“Volver” a Madrid è come tornare alle origini di quello che siamo. Ritrovare quelle connessioni antiche tra la Sicilia e la Spagna, presenti nella lingua, nella cucina, nella cultura e nell’arte. Le antiche popolazioni ispaniche emigrarono in Sicilia, ancora prima dei siculi e dei sicari. Da Re Pietro III d’Aragona fino ai Borboni nel XIX secolo. Passando per quel Filippo II che nel 1561 portò la capitale da Toledo, proprio a Madrid. Quel Filippo II che, prima accolse Sofonisba Anguissola a Toledo nel 1559, prima di spostare la capitale.

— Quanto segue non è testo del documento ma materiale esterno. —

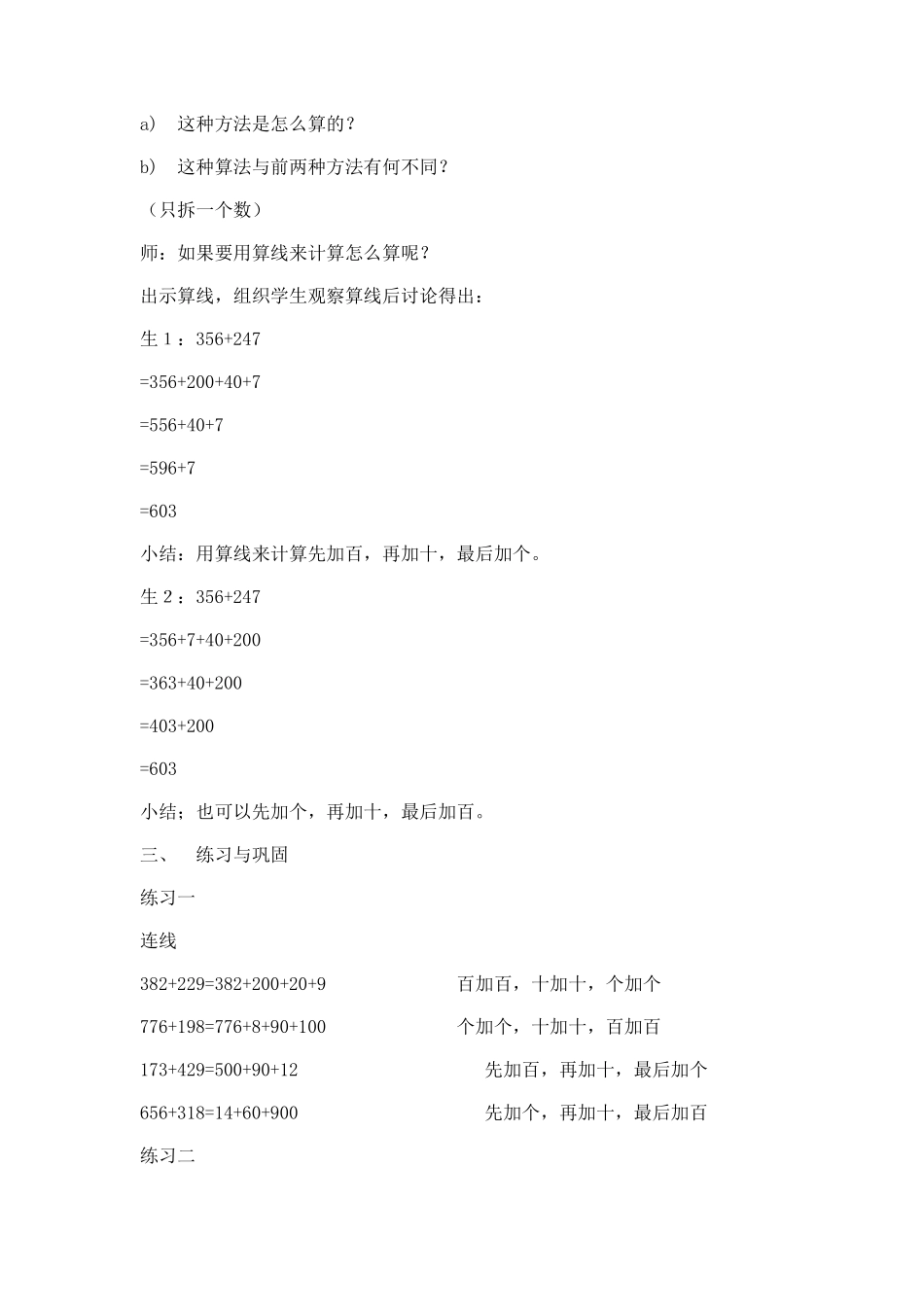 【沪教版五年制】二年级下册第四单元三位数加法_教学设计_教案 (2).docx_第3页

Una Madrid che era la “Villa”, dalle origini arabe. Nulla a che fare con la città che è oggi, quella che provò a cambiare Arturo Soria y Mata nel XIX secolo con l’intuizione della città lineare. Secoli di trasformazioni, poi la dittatura e negli anni ’80 la rinascita come città europea multietnica, capitale del panispanismo.
Madrid, oggi, è una città policentrica, che unisce, attraverso una rete di strade radiali verso i confini del Paese, i tanti quartieri (barrio). Sol, Latina, Lavapies, Malasana, Chueca. Per citare quelli centrali, quelli che chiameremo centro storico. Poi, la nuova Madrid, dalle vie lussuose, affascinanti, ricche di negozi e uffici, come Salamanca, Castellana, Moncloa e tanti altri.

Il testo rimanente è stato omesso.